--- Exercise aim ---
Copy the listing below exactly, but skip the pictures.

--- Provided entries ---
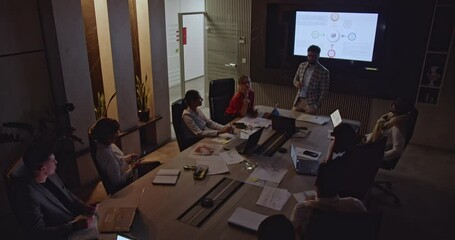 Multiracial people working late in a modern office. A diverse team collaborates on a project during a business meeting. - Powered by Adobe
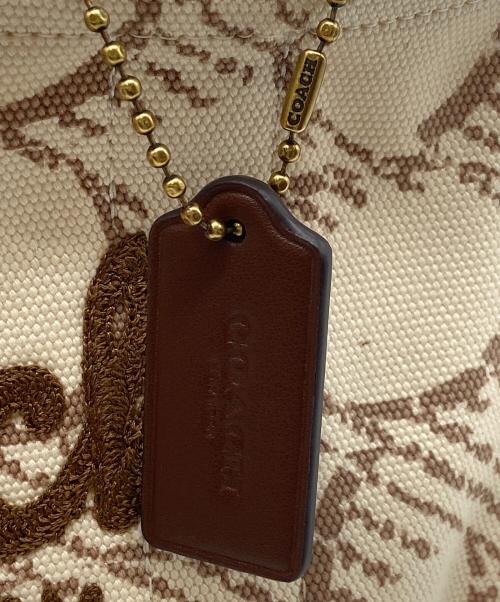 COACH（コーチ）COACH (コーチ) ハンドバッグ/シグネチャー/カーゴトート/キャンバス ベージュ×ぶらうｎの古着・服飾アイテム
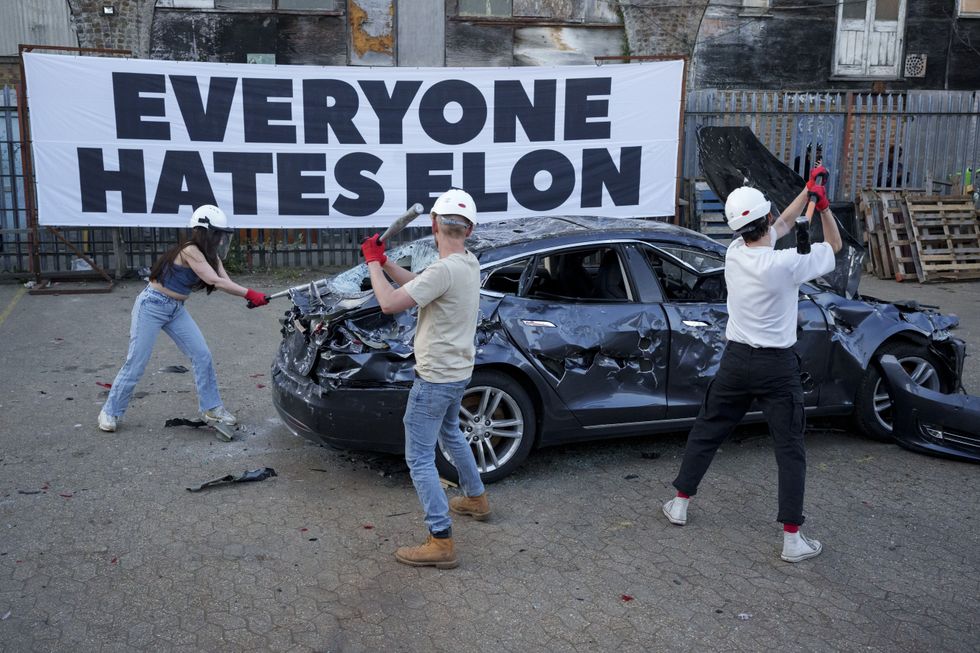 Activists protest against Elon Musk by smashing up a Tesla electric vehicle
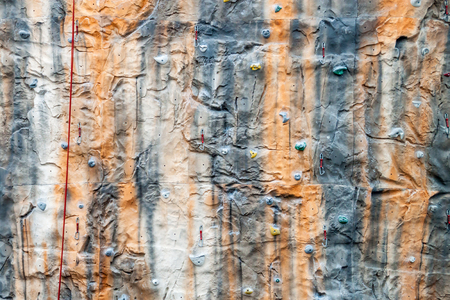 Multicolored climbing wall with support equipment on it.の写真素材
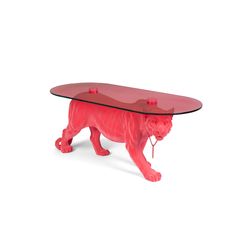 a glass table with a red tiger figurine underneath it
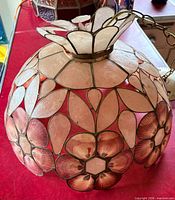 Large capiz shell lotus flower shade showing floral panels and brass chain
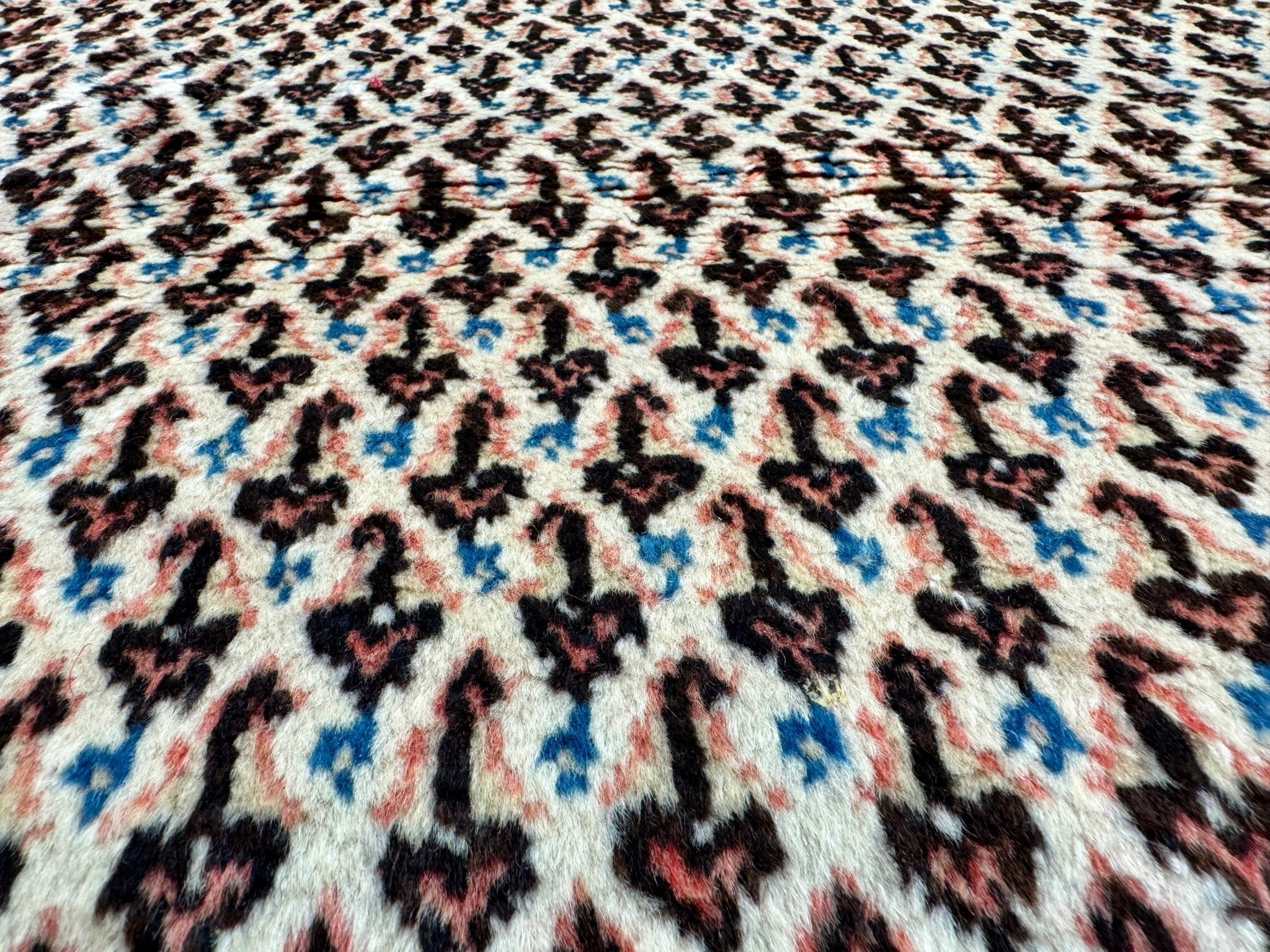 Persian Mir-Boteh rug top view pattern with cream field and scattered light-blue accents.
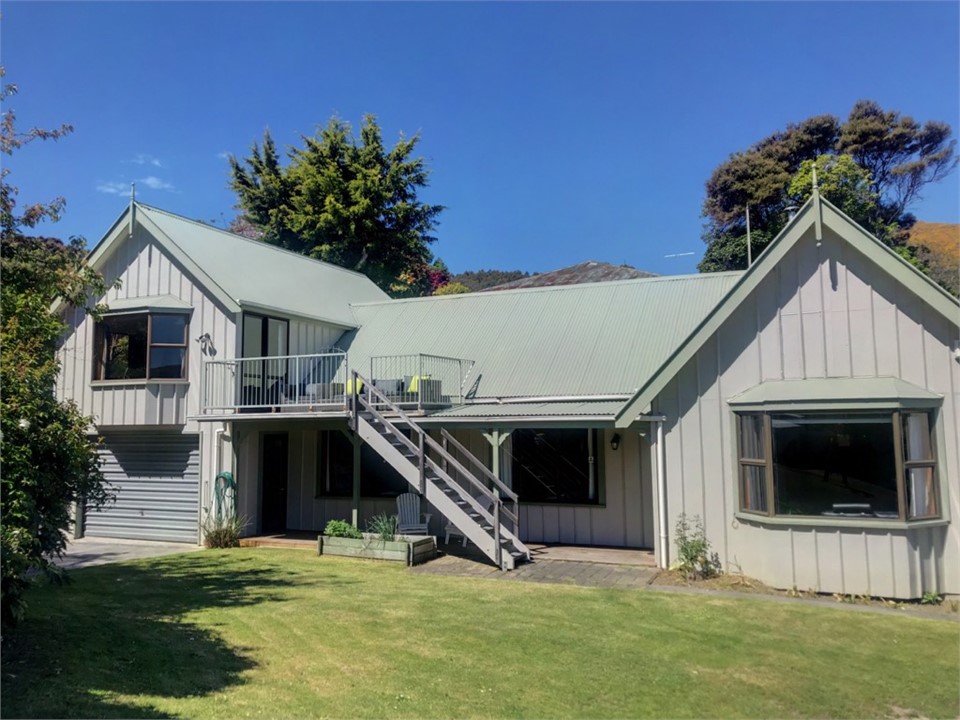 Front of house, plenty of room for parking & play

--- Exercise output ---
 Multiracial people working late in a modern office. A diverse team collaborates on a project during a business meeting. - Powered by Adobe
 COACH（コーチ）COACH (コーチ) ハンドバッグ/シグネチャー/カーゴトート/キャンバス ベージュ×ぶらうｎの古着・服飾アイテム
 Activists protest against Elon Musk by smashing up a Tesla electric vehicle
 Multicolored climbing wall with support equipment on it.の写真素材
 a glass table with a red tiger figurine underneath it
 Large capiz shell lotus flower shade showing floral panels and brass chain
 Persian Mir-Boteh rug top view pattern with cream field and scattered light-blue accents.
 Front of house, plenty of room for parking & play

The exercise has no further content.